Finns began emigrating to northeastern Minnesota in the 1880s, when the discovery of rich iron veins in the Lake Superior uplands transformed a wilderness into a serpentine collection of settlements called “locations,” kindling townsites built for the swelling population of miners and their families. (Gilbert is among the few that survived.) America’s westward progress was already running up against the Pacific, but this undeveloped region had been left in its wake. The Arrowhead rides the southernmost lobe of the Canadian Shield, the bedrock heart of North America, and it bears no resemblance underfoot to Minnesota’s rolling prairie and its basement of rich, black soil.

Norwegians, Germans, and Swedes fueled the agrarian settlement of Minnesota. Finns, along with Croats, Serbs, and Italians, arrived with the region’s extractive economy—first in upper Michigan’s copper mines during the Civil War, then west into Minnesota’s Iron Range.

Finns were also the region’s ethnic scapegoat. I grew up with “finlander” jokes, a species that amused those unfamiliar with the Arrowhead for its sheer improbability. “How many finlanders does it take to build a mine shaft? Who cares, they’re cheaper by the dozen.” Few had ever contemplated a Finnish brand of Americana, any more than they imagined Sibelius scoring the Three Stooges. But Finnish-Americans helped bring Duluth a socialist mayor in 1904. Gus Hall, the perennial Communist candidate for U.S. president, was a Finn from the Iron Range. Finns were perpetual outsiders milling at the edges of Scandinavian outposts, and there was discord. In 1920, a Wright County farmer brought suit against his Finnish neighbors to disband their use of a sauna as a “pagan temple.” In 1918, a Duluth mob frothing with patriotic fervor tarred, feathered, and lynched a Finnish socialist named Olli Kinkkonen, whose simple headstone is inscribed “Victim of Warmongers.” These incidents were the manifestation of a deep cultural fissure.

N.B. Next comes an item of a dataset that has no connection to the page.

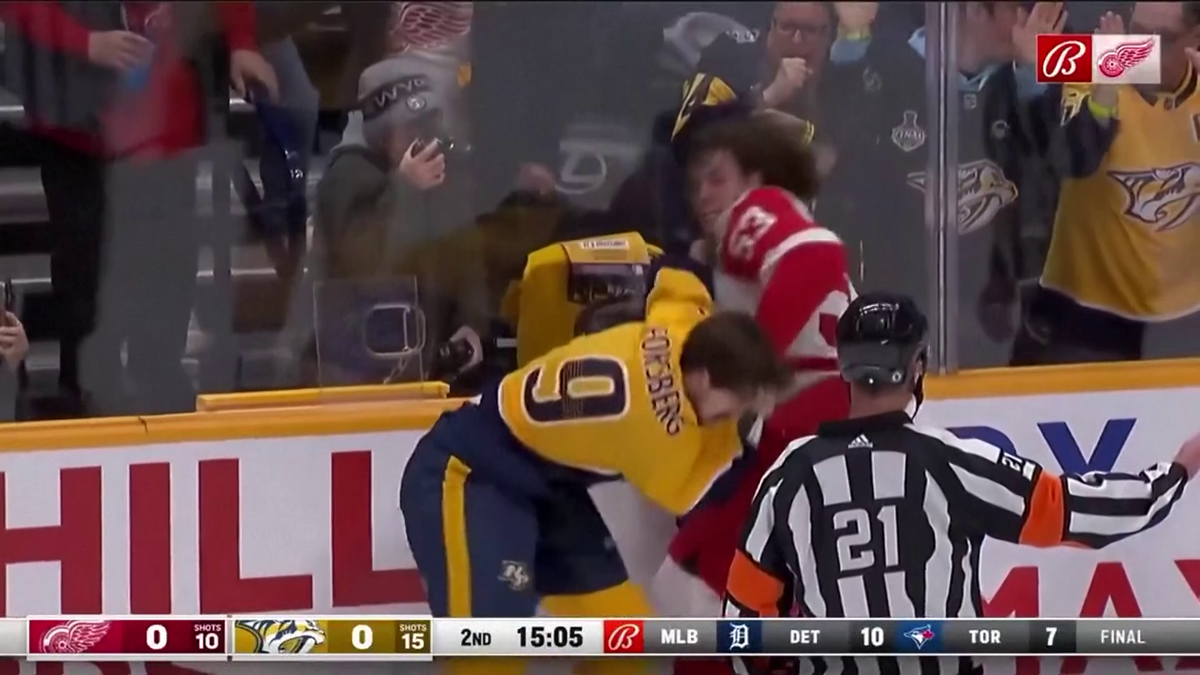 Bătaie pe gheață: Filip Forsberg (Nashville Predators) și Moritz Seider (Detroit Red Wings)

Finns were as likely to work the forests as the mines. They also doggedly farmed the Arrowhead’s thin soil, founding communities where wolves, caribou, and moose had roamed: Palo, Makinen, Toimi, Toivola, Esko. They seldom mixed with their neighbors. Finnish is incomprehensible to a Swede or a Norwegian, while Swedish and Norwegian are linguistic siblings. Finland seldom knew self-rule, passing mostly beneath the competing shadows of the Swedish and Russian empires until the twentieth century.

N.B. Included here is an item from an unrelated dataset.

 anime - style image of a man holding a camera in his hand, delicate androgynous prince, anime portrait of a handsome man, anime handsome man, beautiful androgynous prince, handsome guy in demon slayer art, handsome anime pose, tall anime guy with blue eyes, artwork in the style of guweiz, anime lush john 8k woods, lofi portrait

In America, Finns founded mercantile cooperatives where Finnish was spoken and a family could acquire everything from diapers to caskets. These co-ops sold to Finnish miners who had been blacklisted by local merchants following strikes and other uprisings. The fields of those who farmed yielded bumper crops of football-sized stones every spring, heaved high by the frozen extremes of winter. But the farms were consciously self-sufficient.

Most of these people did not seek riches. To the contrary, Finnish Apostolic Lutherans extolled the virtues of agrarian life as an escape from the ruthless cash economy of the mines. Finns were among the most literate of immigrants of the early twentieth century, yet they had the lowest-paying jobs. What they sought was escape from the shadow of Russians, Swedes, and now Yankees; they cared about autonomy. Saturday nights, in the depth of dark winter, they gathered in their hand-hewn log buildings to bathe, launder the aches of another week’s toil, and sit at the hearth of a chosen community. From our current perch, that seems at the very least modest, sustainable, and noble.

The sauna on my family’s property had clearly been the result of a thrifty form of
prosperity. It was built in the 1930s from wieldy red trunks of local cedar, with effort and time, by skilled hands using tried and trusted tools. But what mystery is that? This was the Great Depression in northern Minnesota, a boom-and-bust mining outpost, and the state of the national economy demanded little in the way of lumber or iron ore. I don’t know precisely how the Finnish-American business owners of our cabin fared during those times, but they were probably living lean. Maybe the breadwinner was clinging to a good railroad job. Or maybe they had nothing but time on their hands. But they owned a leisure property, a lakeside parcel that they acquired in 1931 from the company that had logged the Cloquet River Valley for forty years. And I like to think that in times of short work, this family devoted themselves to improving their retreat. Eventually, they sold the property to my grandparents and moved to Florida, exchanging the sauna for the beach.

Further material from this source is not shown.